**Dataset excerpt**.

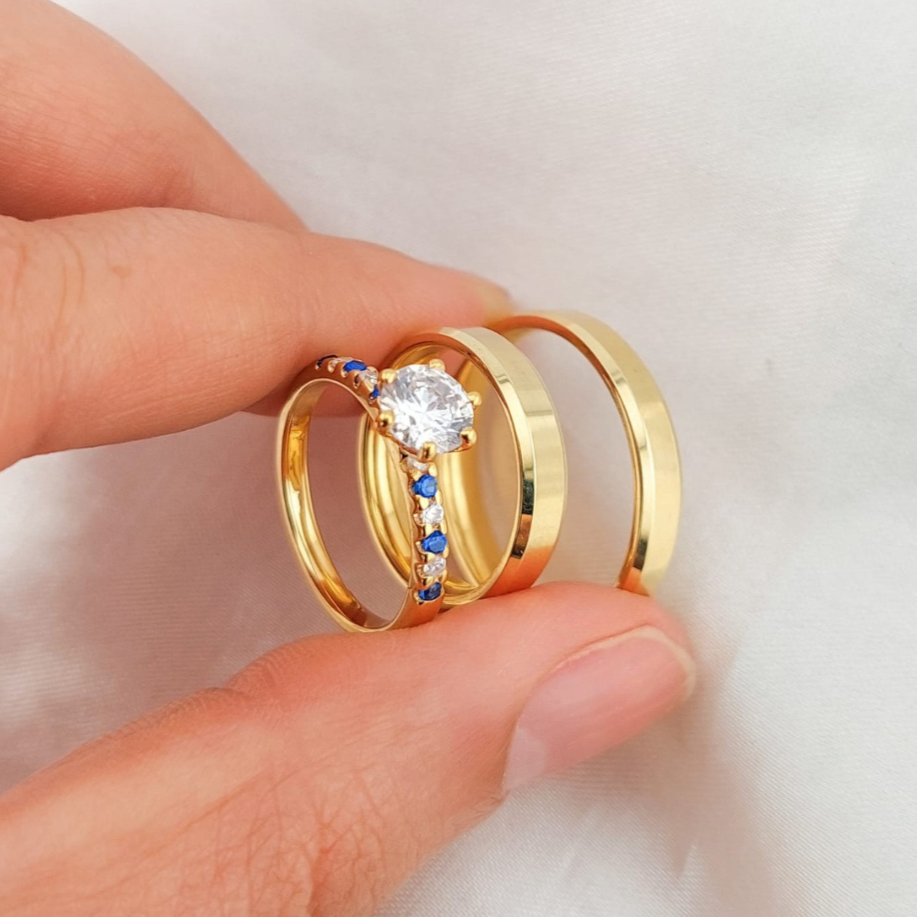 Anillos Matrimonio Trío Oro 10k 7.5g Italia 24806x
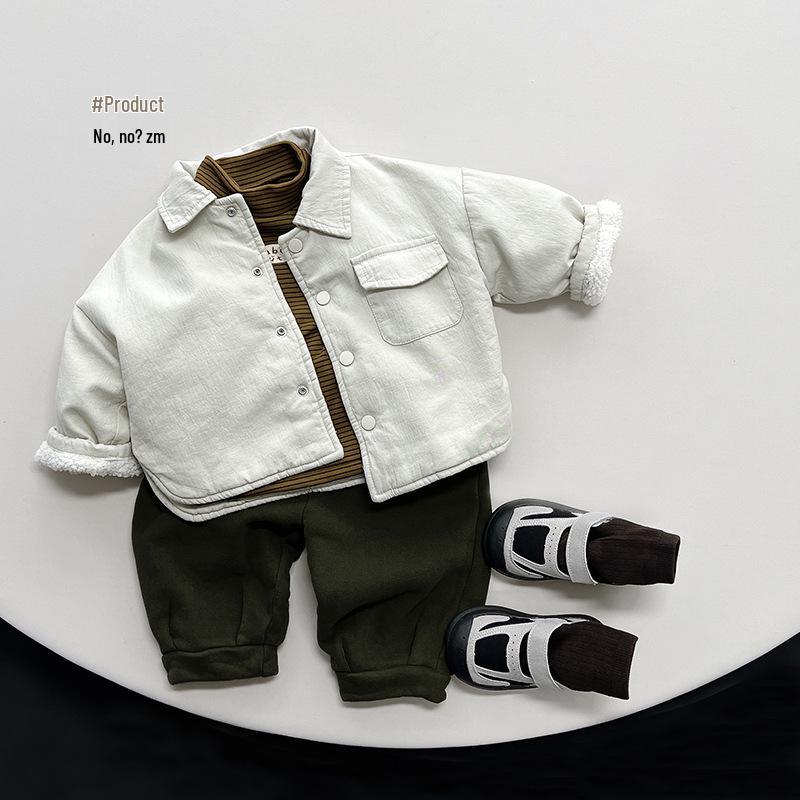 Kids' Double-Sided Fleece-Lined Winter Shirt - Korean Mori Style Retro Coat for Boys and Girls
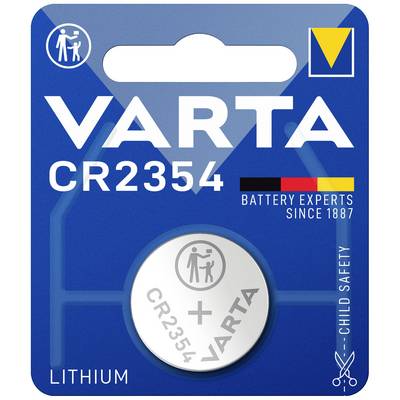 Batterie der Marke Varta, Typ CR2354, Lithium-Knopfzelle. Verpackung betont Kindersicherheit und hebt Expertenwissen seit 1887 hervor.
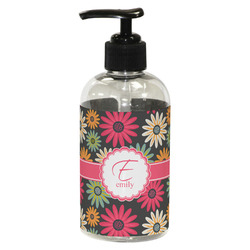 Daisies Plastic Soap / Lotion Dispenser (8 oz - Small - Black) (Personalized)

**Assigned task**. An exact, image-free transcript of the material is required.

**Exercise response**.
 Anillos Matrimonio Trío Oro 10k 7.5g Italia 24806x
 Kids' Double-Sided Fleece-Lined Winter Shirt - Korean Mori Style Retro Coat for Boys and Girls
 Batterie der Marke Varta, Typ CR2354, Lithium-Knopfzelle. Verpackung betont Kindersicherheit und hebt Expertenwissen seit 1887 hervor.
 Daisies Plastic Soap / Lotion Dispenser (8 oz - Small - Black) (Personalized)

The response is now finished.